Sadece bir konser değildi

İzmir’in kurtuluşunun 100. yıldönümünde Tarkan’ın konserinden yansıyan manzara sadece bir konser görüntüsü değildi.

Gündoğan meydanından yükselen ışık, yüzbinlerle ifade edilen muhteşem kalabalık aynı zamanda iktidara yöneltilmiş bir direnç, bir itiraz ve dayatmalara karşı bir meydan okumaydı.

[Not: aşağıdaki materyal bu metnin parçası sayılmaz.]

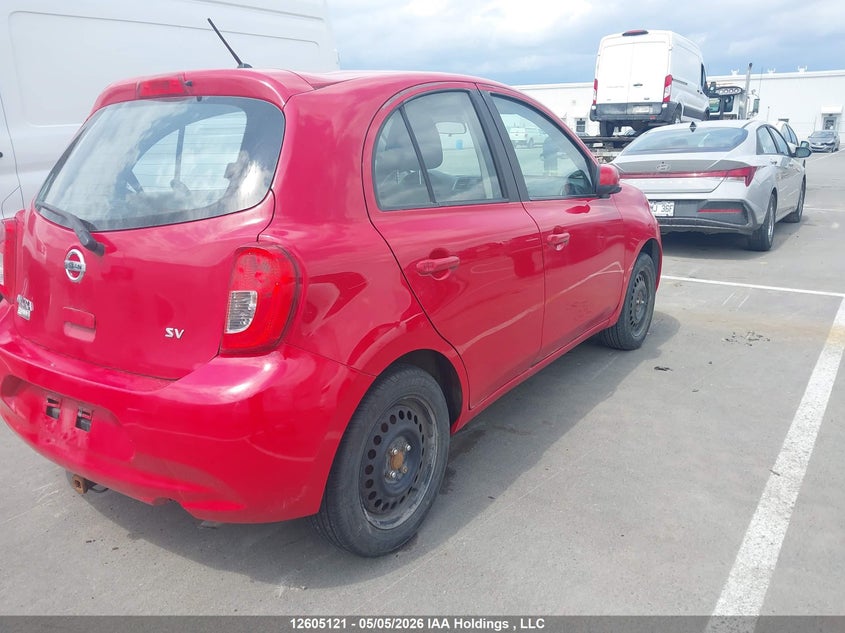 Vin: 3n1ck3cp9gl231030, lot: 3002949, nissan micra 20164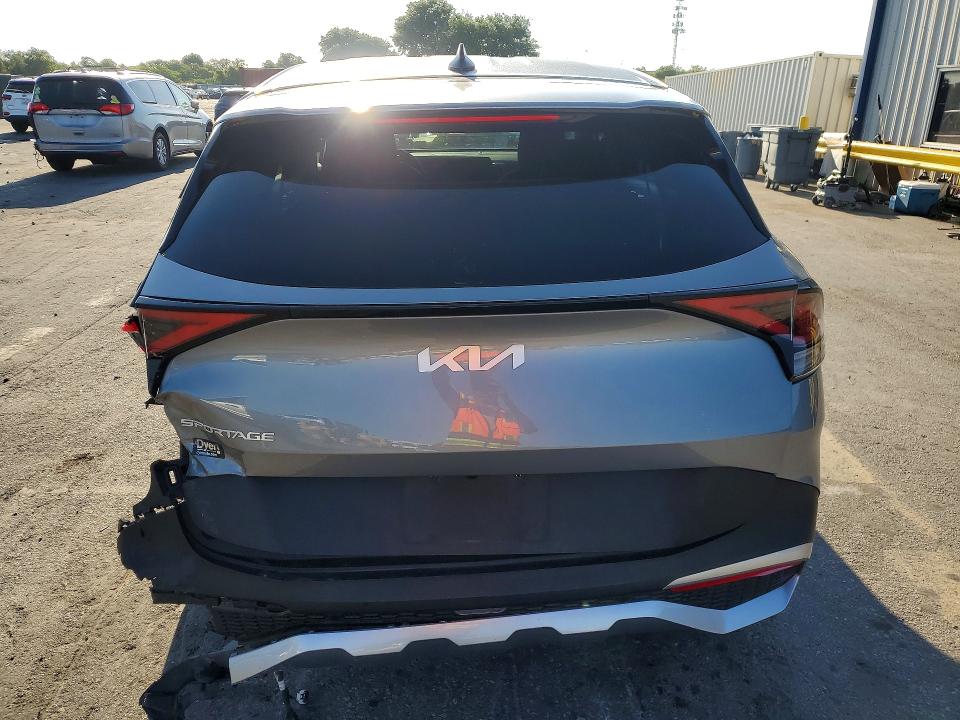 2024 Kia VIN KNDPU3DF5R7258912 COPART salvage auction — SIDE, FL - CERTIFICATE OF DESTRUCTION, sold $6,900 on 2026-07-23 (photo 6)
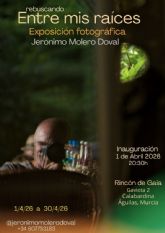 “Entre mis raíces”, una exposición que invita a reconectar con la naturaleza, llega a Águilas “Entre mis raíces”, una exposición que invita a reconectar con la naturaleza, llega a Águilas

Önce bu görkemli şöleni düzenleyen İzmir Büyükşehir Belediye Başkanı Tunç Soyer’i, iktidarın Türkiye’yi sürüklemeye çalıştığı karanlığa karşı Atatürk’ün ışığıyla dimdik duran, şarkılarıyla, sosyal medya mesajlarıyla laik Cumhuriyet’e sahip çıkan Tarkan’ı kutlamak gerekiyor.

Böyle muhteşem bir konseri para almadan gerçekleştirmesi de olayın bir konserden ibaret olmadığını gösteriyor.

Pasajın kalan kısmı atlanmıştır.